As Suzann Barr from the Abriachan Forest Trust said: 

“We really value our volunteers, and their help in maintaining our community woodland, we’re also keen to encourage businesses to come along for some corporate team building and to have families along to join in fun volunteering. We can arrange these on days to suit. So do get in touch to ask.”  

If you fancy a go at volunteering at Abriachan there are regular sessions on the first Saturday of each month from 10.00-12.00 and during the week you can join a group on Monday, Wednesday or Friday. Contact abriachanforest@gmail.com or 01463 861236 to find out more. 

Volunteering can not only be fun, it can also enhance people’s job prospects, giving them more confidence and experience and teaching new skills and providing qualifications. If you are aged between 12 and 25 you can gain a Saltire Award for your volunteering work. The awards are part of the Curriculum for Excellence and are recognised by employers as well as universities and colleges. Details of how to get involved are on their website http://saltireawards.org.uk or contact your local volunteer centre.

Gail Duff, Volunteer Development Officer with Signpost in Inverness said:

“The results of a survey of 200 of the UK’s leading businesses carried out by TimeBank through Reed Executive are quite remarkable. They show that 94% of employees who volunteered to learn new skills had benefited, either by getting their first job, improving their salary or being promoted. At Signpost we can help people in Inverness-shire and Nairnshire to find a placement. You can find out more on the Signpost website, of ring us on 01463 711393”

Trees for Life, the National Trust for Scotland and TCV (The Conservation Volunteers) all offer volunteering opportunities around the Highlands, including days where you can be collected in Inverness and provided with transport to the work site. 
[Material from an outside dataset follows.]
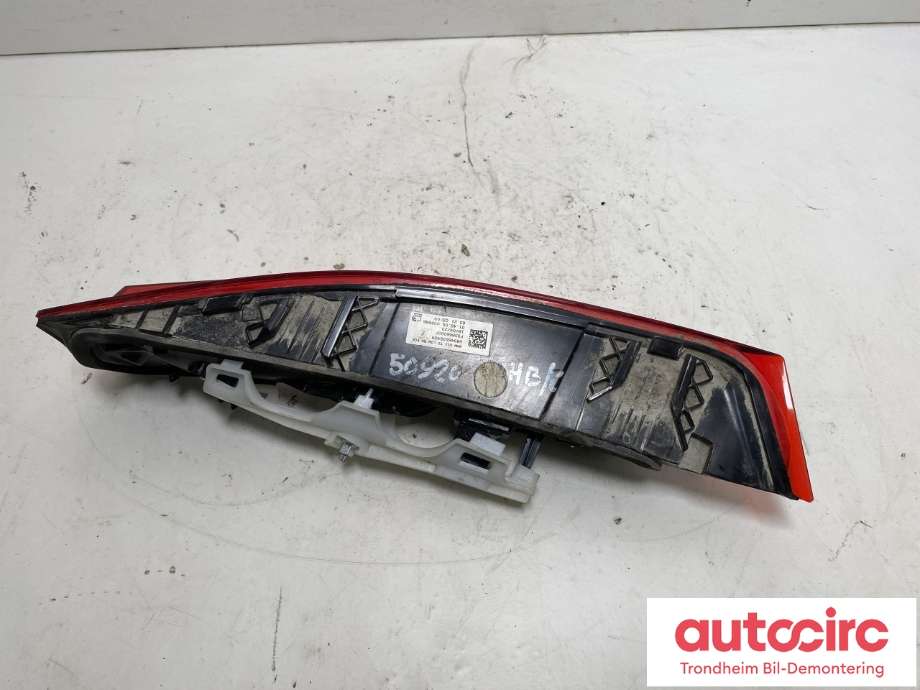Baklykt høyre indre til BMW iX1 2023-->> (U11) (U11) (63219465354|63 21 9 465 354|9465354)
The National Trust for Scotland has a weekend event in Kintail from the 21st to 23rd October where you’ll be able to help with drystane dyke building, mend footpaths and maintain fences. You can get more details about the weekend from Julie Bond on 0131 458 0315.  

If mid week suits you better to get out and about, you can join Trees for Life working each  Wednesday in  Strathglass and Dundreggan, where you’ll be able to choose from a range of tasks, including tree seedling protection, seed processing and packing trees ready to go for planting on one of the Tress for Life woodland restoration sites.  Trees for Life Conservation Manager, Alan McDonnell commented:

“Our volunteers often say how much they enjoy playing their part in reafforesting the Highlands, and we really appreciate their work too. Volunteers are crucial to Trees for Life, with their help we have planted over a million trees and are well on the way to our second million.”

You can find out more on their website http://treesforlife.org.uk.  

You can also volunteer to help look after the Cairngorms National Park by getting involved in building and maintaining paths, and other activities to help conserve this beautiful area. More details about how to do this are on their website http://themountainsandthepeople.org.uk
 
TCV (The Conservation Volunteers) will have four new Green Gyms® operating in Wick, Gairloch, Inverness and Grantown-on-Spey; starting mid Oct 2016 and running through 2017.  By joining a Green Gym® you can keep fit, enjoy a social outing and help with conservation at the same time. You'll have the opportunity to get involved in tasks like cutting back invasive undergrowth, planting trees, constructing and maintaining paths or perhaps even making a bench or a bat box. As Rob Thomas, TCV Senior Project Officer in Munlochy said:

We value and look after our volunteers, providing a safe working environment and a variety of tasks to do that are suited to each person’s abilities. We always enjoy a good tea break too as, after all, indulging in a bit of a chat with your fellow volunteers is all part of the fun of volunteering in the wonderful Highland countryside”. Contact Rob at r.thomas@tcv.org.uk for more information.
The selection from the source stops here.